Christian died without ever finishing the major work he had begun almost forty years earlier. He left behind an unfinished 1,000 page manuscript entitled the History of Blacks in Louisiana initiated during the period at Dillard under the WPA.
Why did a man so devoted to his race and its history never complete what would have been his legacy to that race? No one knows for sure. Maybe it was because he grew suspicious of many. He believed few cared what happened to him or his material. Colleagues tell of how he jealously guarded his work and wouldn’t invite alterations to it. A few, such as Attorney A.P. Tureaud, tried to raise funds within the black community in order to publish the manuscript. Christian himself even tried singlehandedly to publish his own work by mastering the art of handset type and printing, but with little success.
The Marcus Christian Collection was donated by the Christan family to the Archives and Manuscripts Department of UNO. This huge collection consist of approximately 245 linear feet of archival material scattered throughout twenty-five sections. Most of Christian’s papers, manuscripts, books and correspondence are housed here and it would probably take weeks, if not months, for one to cover its entire content. Within this collection are over 2,000 poems written by Christian himself, thirty-three boxes of articles known as the “clippings” section, twenty boxes of correspondence, thirty-four boxes containing his 1,000 page unpublished manuscript and fifty-five boxes of articles researched from the Dillard Project.
A tireless note maker, Christian even kept a diary that runs through four decades wherein he comments on almost everything he came in contact with from the seemingly trivial to the most pressing concerns of his life.
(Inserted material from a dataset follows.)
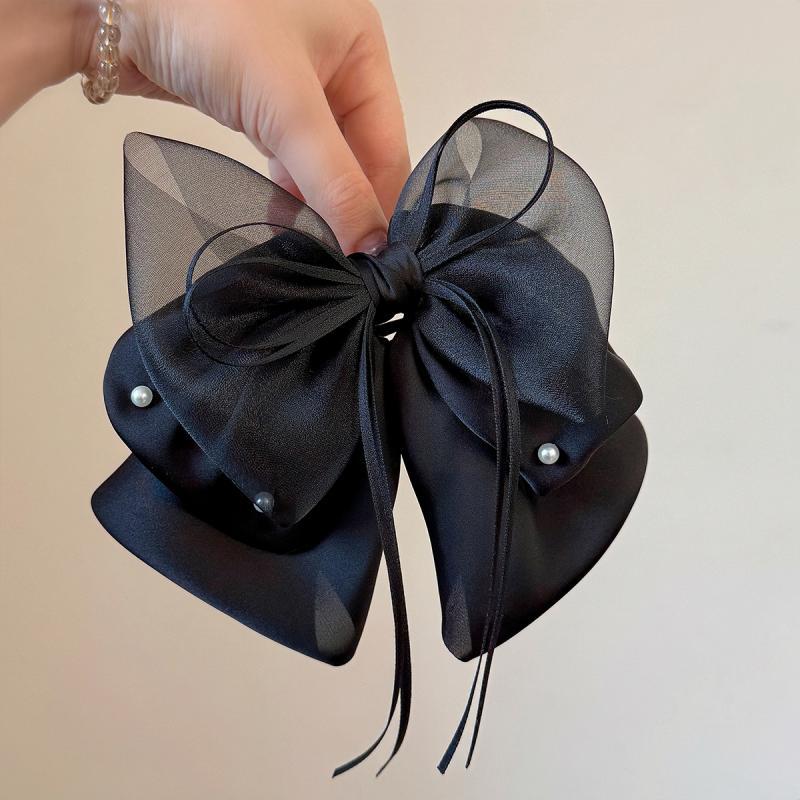 Midnight Bow Pearl Hair Claw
For a complete list of the entire collection, please visit http://library.uno.edu/specialcollections/inventories/011.htm#lis
As Marilyn Hessler states in her tribute to Marcus Christian, “The wealth of material deposited here stands as a memorial to a self-made man who devoted the major part of his life pursuing a dream which has not fully materialized. The scope of this dream will be evident when the full extent of his wide-ranging explorative unpublished material is made known”.
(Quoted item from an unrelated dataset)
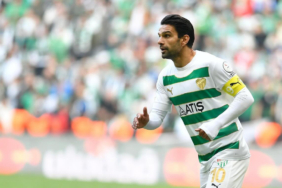 bursaspor-muhammet-demir-ile-yollarini-ayirdi-K26vsyyf.jpg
Sources: Marcus Christian: The Man and his Collection, Marilyn S. Hessler, The Journal of the Louisiana Historical Association, Vol. 28, No.1 (Winter, 1987) pp.37-55; Marcus B. Christian: A Reminiscence and an Appreciation, Tom Dent, Black American Literature Forum, Vol. 18, No. 1 (Spring, 1984) pp.22-26; Marcus B. Christian and the WPA History of Black People in Louisiana, Jerah Johnson, The Journal of the Louisiana Historical Association, Vol. 20, No.1 (Winter, 1979) pp.113-115; Memories of Marcus B. Christian, Deborah Parker Cains, (Chicken Bones: A Journal) http://www.nathanielturner.com/memories of marcus.htm; Marcus Christian’s Treatment of Les Gens de Couleur Libre, Violet Harrington Bryan, Creole edited by Sybil Kein, pp.42-44; I Am New Orleans & Other Poems, By Marcus Christian edited by Rudolph Lewis (Chicken Bones: A Journal) http://www.nathanielturner.com/biobibliographicalrecord.htm
Lolita V. Cherrie
Most impressive, inspirational and sad.Hopefully someone can create order from this wonderful legacy and prepare a book or an anthology for publication.
Of all the stories I have read at Creolegen I am most deeply affected by Marcus’: his strength, his faith in himself instilled by his parents. I am thankful for the work everyone contributes to educate about the entire history of New Orleans and Louisiana and beyond.
When will his poems be collected and released? There is the recent book of poetry inspired by Marcus Christian’s work: I am New Orleans : 36 poets revisit Marcus B. Christian’s definitive poem. If we want testimony to a life examined and lived to the full, I think Marcus has something to tell us, we need to be able to hear it so we can listen.